Still, seasoned politicians and diplomats across the region cannot recall a period when the US counted for so little. For it's not only Iran which is acting more brazenly by encouraging its proxies to fight openly for regional influence, but also US allies such as Saudi Arabia and Israel, which are openly defying Washington's advice and engaging in their own military adventures.

Perceptions play a key role in America's decline as a regional power. With 45,000 troops stationed in and around the Middle East, the US military still packs a bigger punch than the national armies of many of the region's own countries. And nobody doubts America's ability to pour more troops into the region, should it wish to. The problem is Mr Obama has clearly decided that, whatever happens in the region, he will not allow the US military to become directly engaged. He cannot complain, therefore, if nobody takes the US seriously now.

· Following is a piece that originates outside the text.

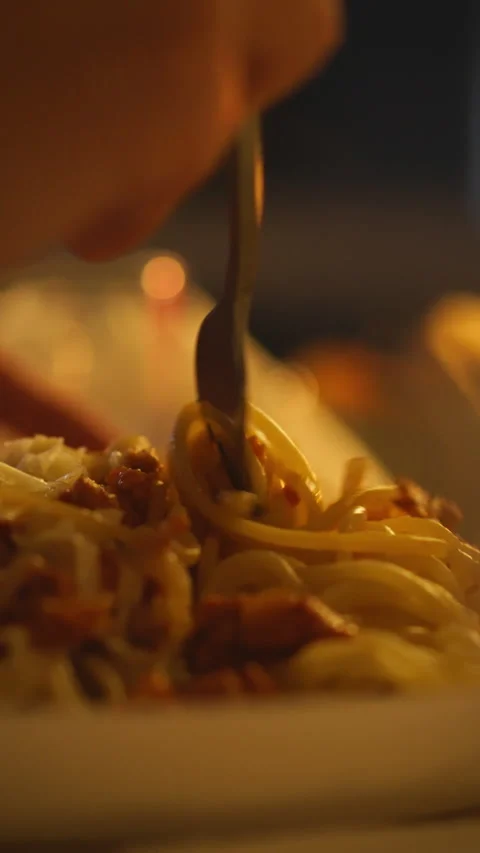 Enjoying a cozy candlelit dinner while twirling spaghetti with a fork Stock Footage 331571342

America's void was filled by Russia. Back in September last year, when President Vladimir Putin ordered his military to intervene in Syria, Moscow's objective was merely to prop up the government of President Bashar al-Assad and earn for Russia a place at any future regional negotiating table. Nobody took this seriously; Mr Obama famously warned that Russia merely walked into a "quagmire".

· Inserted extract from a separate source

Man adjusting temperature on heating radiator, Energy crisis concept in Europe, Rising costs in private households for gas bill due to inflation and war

But during 2016, it became clear that it is Washington which is now facing a quagmire. For the Russians not only succeeded in propping up Mr Assad, they also forged new strategic partnerships with Turkey and Iran. Russia has now regained the role of an important regional player, a position last held in 1973; it is a spectacular turnaround of a kind even Mr Putin could not have imagined a few years ago.

And this has been followed by the continued rise of Iran's footprint in the region. Gone are the days when Iran was careful to hide its involvement in neighbouring countries; its Shi'ite proxies now openly proclaim their allegiance to Iran, and are actively engaged in warfare in Iraq, Syria and Lebanon.

It is a nightmare which has already cost the lives of about 400,000 Syrians. And even if Western-trained and supplied forces succeed in defeating ISIS, violence will merely shift to other targets. The basic fact remains that the borders of the region's states - carved out by the old colonial masters of Britain and France almost exactly a century ago - are slowly melting down.

In theory, it is possible that the incoming Donald Trump administration will reverse course. But some of its proposed initiatives, such as the repudiation of the nuclear deal with Iran, will only guarantee an even higher level of regional violence. And Mr Trump's close association with Israel will continue to hamper US efforts to influence the behaviour of other Arab states.

The bitter irony is that Mr Obama, who came into office determined to stabilise the Middle East by withdrawing US military commitments, now leaves behind a smouldering Middle East whose flames will take years to control.